Do I need an amateur radio license to be a storm spotter?

It depends on your community and how involved you want to be. You don't have to be an amateur radio operator to make a weather report, but many spotter networks are made up of dedicated amateur radio operators who use radio to coordinate their local network and to relay reports to the NWS. If you're interested in learning more about amateur radio, visit this site.

How do I report severe weather?

Feel free to give us a call on the 1-800 number listed on your spotter ID card, or you can also give us your report through our online reporting form. If you by chance take any pictures or ideos of hazardous weather across southern New England, you can post that information on our Facebook and/or Twitter accounts.

How long are the classes and are they free?

The SKYWARN classes generally run about 2 hours long. They are free and open to the public. Registration may be required at some of the training site but that will be noted on the training list.

Image of SCUD
SCUD moving across North Woburn, MA. Picture by Boris A Konon
Is there a minimum age requirement to become a spotter?

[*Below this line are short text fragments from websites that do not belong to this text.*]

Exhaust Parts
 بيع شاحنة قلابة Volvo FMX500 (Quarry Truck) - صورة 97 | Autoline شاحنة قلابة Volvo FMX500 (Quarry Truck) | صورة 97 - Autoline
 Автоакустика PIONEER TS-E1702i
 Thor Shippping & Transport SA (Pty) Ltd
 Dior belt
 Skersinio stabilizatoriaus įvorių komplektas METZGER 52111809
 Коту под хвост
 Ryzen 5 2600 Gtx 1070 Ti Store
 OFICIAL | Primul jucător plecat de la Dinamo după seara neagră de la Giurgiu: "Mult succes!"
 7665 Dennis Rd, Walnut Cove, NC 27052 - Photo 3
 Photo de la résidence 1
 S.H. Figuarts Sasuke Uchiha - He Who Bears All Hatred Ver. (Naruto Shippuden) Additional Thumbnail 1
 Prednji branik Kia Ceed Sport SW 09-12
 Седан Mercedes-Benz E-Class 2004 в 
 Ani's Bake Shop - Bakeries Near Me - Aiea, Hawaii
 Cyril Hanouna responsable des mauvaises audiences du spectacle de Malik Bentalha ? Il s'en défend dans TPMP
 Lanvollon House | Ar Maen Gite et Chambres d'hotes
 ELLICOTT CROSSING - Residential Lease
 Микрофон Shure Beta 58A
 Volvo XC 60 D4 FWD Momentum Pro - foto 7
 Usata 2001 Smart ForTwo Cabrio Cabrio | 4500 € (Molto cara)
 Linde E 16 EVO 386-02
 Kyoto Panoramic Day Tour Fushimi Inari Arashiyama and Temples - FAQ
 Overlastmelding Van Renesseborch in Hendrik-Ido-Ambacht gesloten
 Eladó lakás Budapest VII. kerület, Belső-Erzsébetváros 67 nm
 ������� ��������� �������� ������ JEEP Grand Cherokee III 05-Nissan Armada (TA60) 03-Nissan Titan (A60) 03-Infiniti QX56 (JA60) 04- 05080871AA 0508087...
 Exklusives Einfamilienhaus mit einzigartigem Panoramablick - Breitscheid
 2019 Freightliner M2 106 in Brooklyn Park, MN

Because of the complexity of severe thunderstorm structure and development, and the potential danger involved, spotting is recommended for adults. High School and Junior High School or Middle School students are welcome to attend the class with a parent or other adult. Spotter numbers are given to anyone who attends a training and is at least 16 years of age or older. People younger than 16 who desire a spotter number, and who can present special circumstances will be evaluated on a case-by-case basis.